Sementara pada pementasan Departemen Borok, ide cerita futuristik membuat Djaduk Ferianto sebagai penata musik menggunakan instrumen musik Barat seperti satu set drum, keyboard, bass, dan gitar elektrik, konga, flute, serta ukulele.

Regenerasi

Bertahan selama 25 tahun di dunia teater tentu bukan hal yang mudah bagi Teater Gandrik. Apalagi usia para punggawanya kini tak lagi muda. “Kami sudah tua, sudah saatnya melakukan regenerasi,” kata Heru.

Usia yang beranjak senja pasti menciptakan sebuah keterbatasan fisik bagi pesonel Teater Gandrik. Tubuh yang dulu lentur perlahan menjadi sedikit kaku, namun tentu saja hal itu tidak dijadikan hambatan oleh mereka untuk berkarya.

Dua tahun lalu Teater Gandrik merekrut sejumlah anak muda, namun yang bertahan hingga kini jumlahnya hanya sepuluh orang. Belum lama ini Gandrik Muda mementaskan pertunjukan Pasar Seret 3. Meski masih diperkuat oleh para personel lama, tapi para Gandrik Muda ini mulai menunjukan eksistensinya.

Bagi Butet Kertaredjasa, diwujudkan atau dipercayakan pada Gandrik Muda merupakan napas baru yang memberikan semburat semangat bagi kelangsungan komunitas Gandrik. “Bergabungnya generasi baru menambah kekayaan kreativitas di Teater Gandrik,” kata Butet.

Datangnya generasi baru ini juga diharapkan dapat berfungsi sebagai obat penyubur di tengah keringnya produktivitas Teater Gandrik. Sepanjang tahun 2000 hingga 2008 kelompok ini hanya menghasilkan dua judul pertunjukan. “Padahal idealnya kami ingin menghasilkan satu judul setiap tahun,” ujar Heru.

Para punggawa Teater Gandrik yang memiliki kesibukan sendiri-sendiri disinyalir menjadi penyebab mandulnya proses kreatif mereka sepanjang tahun 2000-an. Hal tersebut diakui oleh Butet. “Persoalan manajemen waktu, mengingat sekarang ini ritme hidup para pendukung Gandrik sudah sangat berbeda dengan tahun 80-an,” kata Butet.

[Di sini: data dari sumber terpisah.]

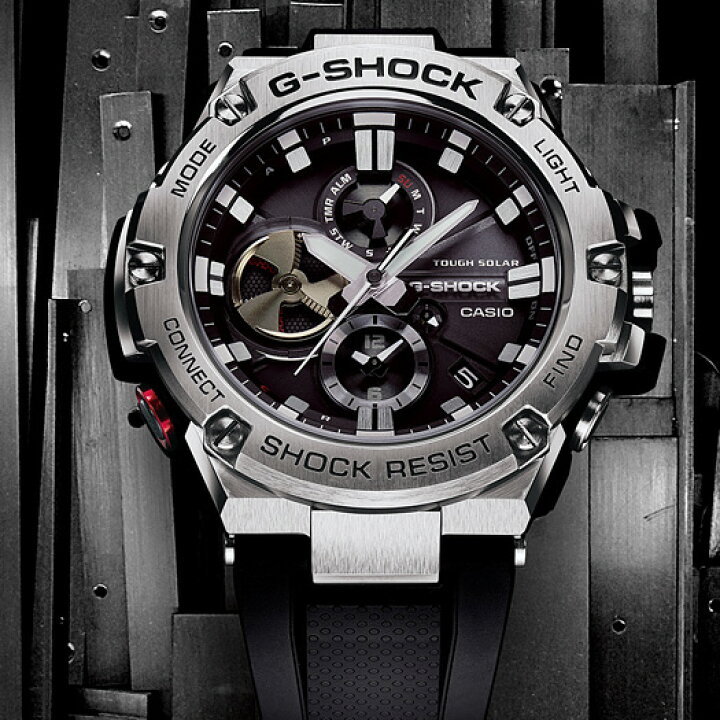 楽天市場】【18日はポイント最大43倍＆10%OFFクーポン】G-SHOCK G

Dengan konsep manajemen modern dan profesional, Teater Gandrik siap meretas masa depan berkesenian. Menurut Afrizal, hal itu akan semakin matang apabila Teater Gandrik bisa menyerap perubahan-perubahan yang terjadi disekitarnya. “Bisa dengan mengadaptasi musik hiphop atau video art,” ujar Afrizal.